KANSAS CITY, Mo. -- A $3 million tax cut proposal raised eyebrows Monday afternoon at the Jackson County Legislature's meeting.
The lack of presence of the man who proposed the tax cut had many legislators frustrated, and their constituents weren't happy about the proposal either.
"The frustration of the people of Jackson County couldn’t be higher," Jackson County Legislator Jalen Anderson said.
Legislators said the angry and concerned phone calls, emails and messages from residents came flooding in after County Executive Frank White's recent proposal.
"This is B.S." Legislator Dan Tarwater was talking about White's $3 million tax cut for the county.
Tarwater and Anderson said they're offended by the pretty picture the news release painted because it doesn't portray what the proposal will actually do for people.
"This is just outrageous that this is proposed, that this is supposed to change the livelihood of folks -- and the way it was worded!" Anderson said.
The county's finance department went through the numbers saying if the proposal is adopted, it would only save residents a small amount of cash.
For example, if a person owns a home worth $100,000, they would owe the county $111.64, as opposed to the $116.09 the homeowner would owe next year if the county decided not to take the voluntary tax cut.
"I acknowledge total dollar amount might not be a whole lot, but this is what Jackson County can do," one county finance department employee said.
The move comes after thousand of property owners received massive increases in recent tax assessments.
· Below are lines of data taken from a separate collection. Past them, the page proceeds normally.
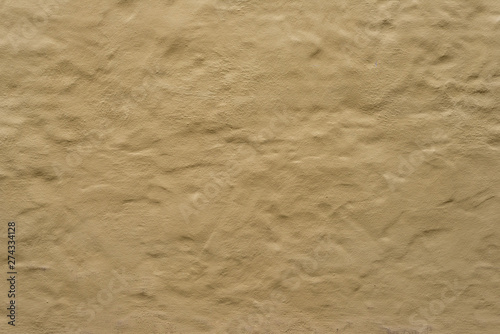 Rough bumpy brown yellow concrete plaster stucco texture or surface background.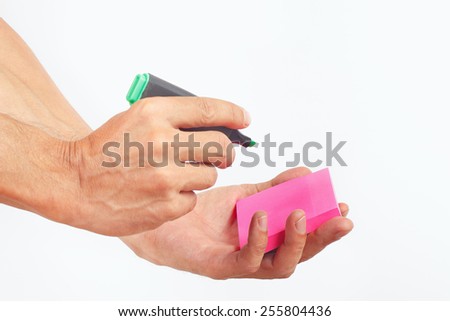 Hand written notes in green marker on a red sticker on a white background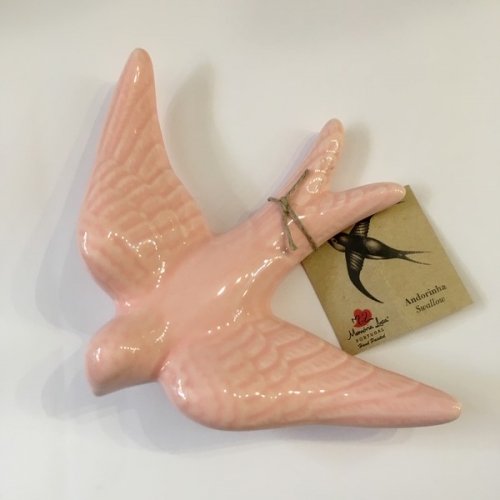Hirondelle en céramique rose tendre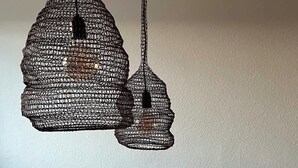 A dining table with a fruit bowl and two hanging woven light fixtures.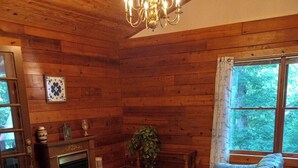 A cozy log cabin interior with a large wooden sofa, a fireplace, and a chandelier. - Log Cabin/Cottage on Watts Bar Lake (Ten Mile)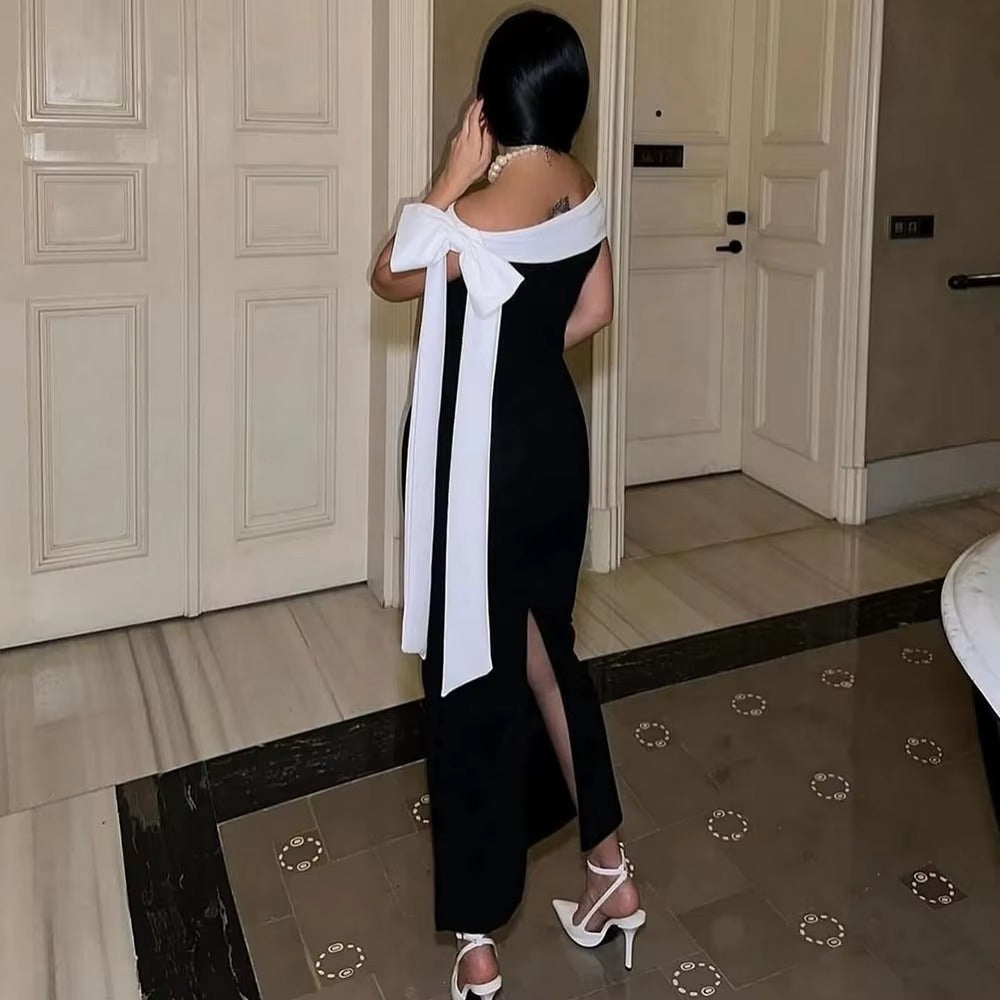 Chic women's formal midi dress; off-shoulder with bow. Elegant attire for special evening events.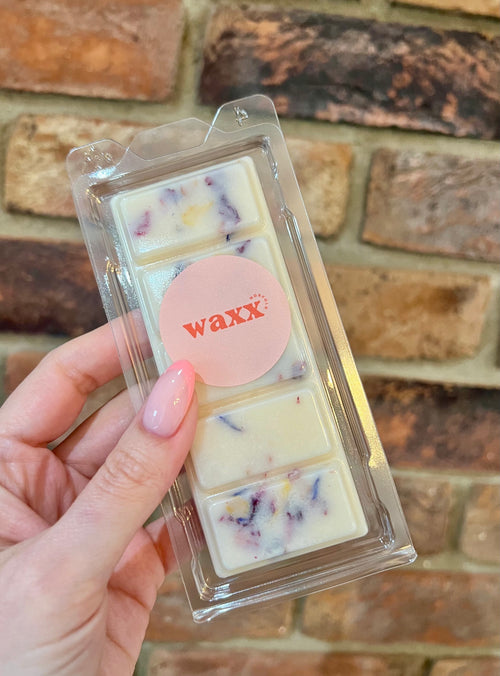 Packaged wax melts with 'waxx' branding held against a brick wall.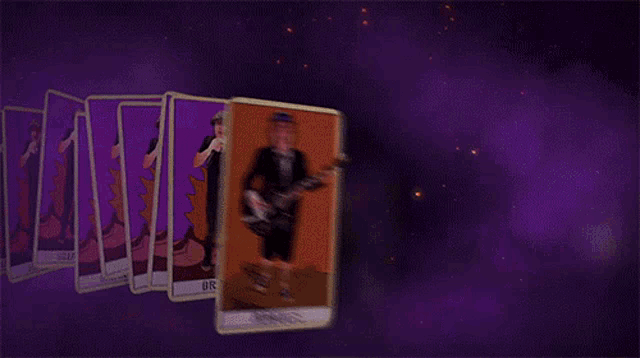a row of angus tarot cards with a man playing a guitar on them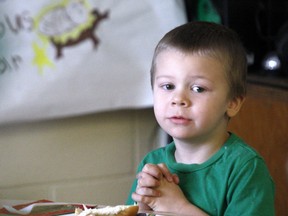 Evan Skinner, 4 , joins his class in prayer Thursday before enjoying a festive meal.
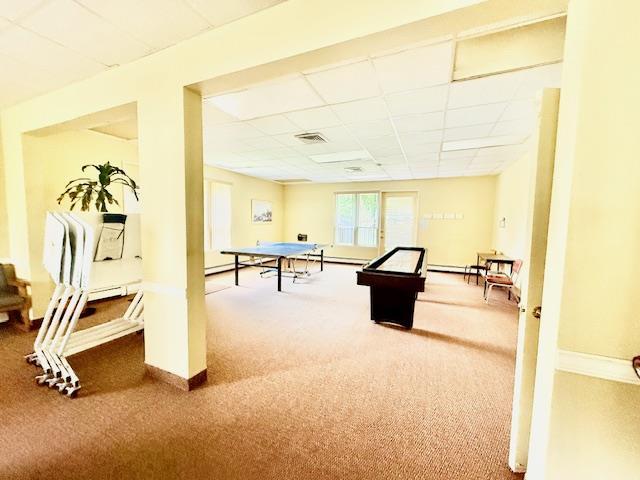 1104 Drew Dr, Saint James, NY 11780 - rec room with a paneled ceiling and carpet floors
One of them being Teresa Perry.
"People make mistakes, but I need you to correct them now," Perry said.
She attended the meeting to fight for her community members.
"I need people's hearts to be into this and to care about everyone and to make sure people are treated right," Perry said.
Legislators feel that White's absence at the meeting sent a message, especially after releasing this proposal on a Sunday. His administration said he's on a pre-planned trip to Nashville with the mayor for a leadership event.
"We are going to cause a recession of housing if anything at the very least if we don't act," Anderson said.